Tuesday, February 28, 2012

When Facing a Category Five Disaster, the Smart Man Evacuates!


The arrangements were made well before we gave much thought to the Presidential primary calendar, and so while my home state of Michigan has been engulfed in a Republican Presidential Primary storm of truly catastrophic proportions, I have been spending a very pleasant fortnight in the Florida Keys. Although I can't take credit for any particular foresight in my narrow escape, I have appreciated a bit of distance as Michigan absorbed a direct hit from the 2012 GOP primary.

While Rick Santorum addressed a Friday night fish-fry crowd at the Catholic church just two miles from my house, I fried up a pan of freshly caught grunt and porgy from that day's charter fishing expedition. While Mitt Romney praised the height of the trees in Michigan for their rightness, I have contemplated palms of varying height and species, being careful not to set my beach chair beneath the coconut trees.

Yet I have also been strangely connected to it all by the world of electronics.  I get the Detroit Free Press on my Kindle every morning and have time to genuinely read it.  I have chances to check in with some of my other local news sources -- The Oakland Press, the Spinal Column, etc. -- to catch their take, which mostly shows the local news impact of candidate appearances.

My Facebook feed has been filled with little links to various Michigan primary events and non-events. My e-mail inbox is cluttered with a variety of political spams all with one opinion or another on where and how I should vote in today's primary, never mind that I'm a Democrat.

I shudder to think of the pile of robocall messages that have undoubtedly been left on our home phone. We forgot to bring our remote PIN to collect the messages, so the damage will be there waiting for us.  I'm sure that dire SuperPAC ads clutter the local shows recorded on our DVR during our absence. It's a bit like evacuating in the face of an oncoming hurricane and going home afterwards, unsure of what if any damage has been done.

I have a friend who is a rabid Tea Partier. As of 10:30 am on Election Day, I have yet to see any sign that he has made up his mind about who he will vote for. I've called him my "Tea Party Canary in a Coal Mine" because I think he's a pretty good representative of the problem that Tea Party base -- so crucial in the GOP's 2010 victories -- faces with this whittled-down cast of characters. None of them are really the right candidate to carry their message.

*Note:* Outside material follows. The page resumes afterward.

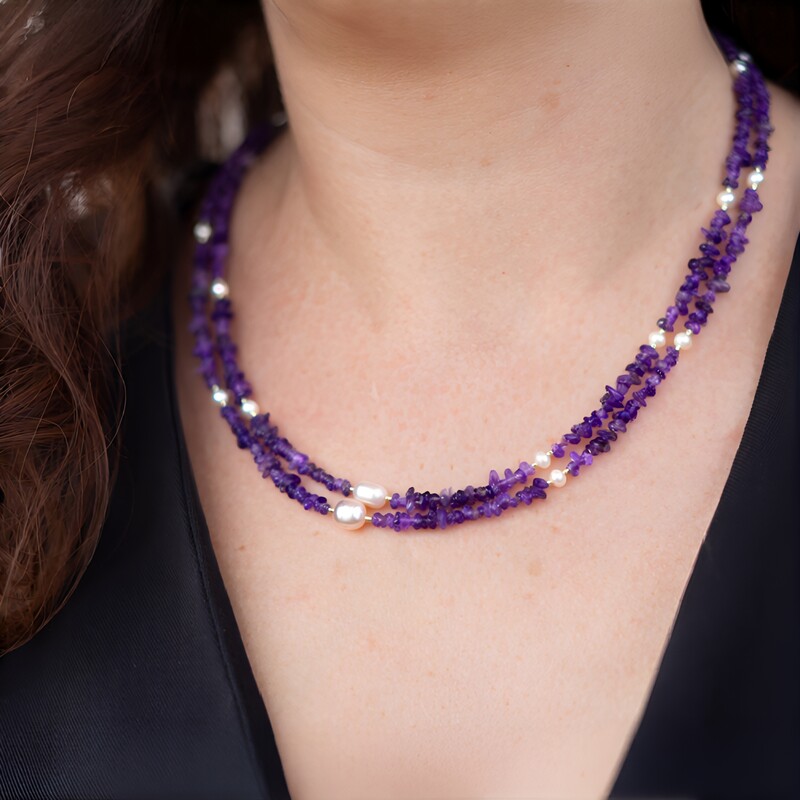 Collana in argento con Ametista Zambiana (Riya)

I've been of the opinion that the conservative GOP base would eventually move to Rick Santorum because the alternatives in Mitt Romney ("The Chief Architect of Romneycare") and Newt Gingrich ("The Earmark King of Cobb County") were so unappealing. But Santorum has taken his time in the spotlight to remind us that his Google problem didn't arise in a vacuum. It came about because he repeatedly went out of his way to vilify homosexuality to further his social agenda.

In Iowa Santorum spread a pretty good economic message based on a revival of manufacturing.  Instead of pounding that message in Michigan -- ground zero of the American manufacturing collapse -- he seems to have been unable to resist the alluring catnip of extreme social conservatism. While some of his remarks this week may have played well to an evangelical and Catholic base, they seem almost certain to haunt him if he emerges as the eventual nominee. It turns out that access to contraception is popular among the general voting public.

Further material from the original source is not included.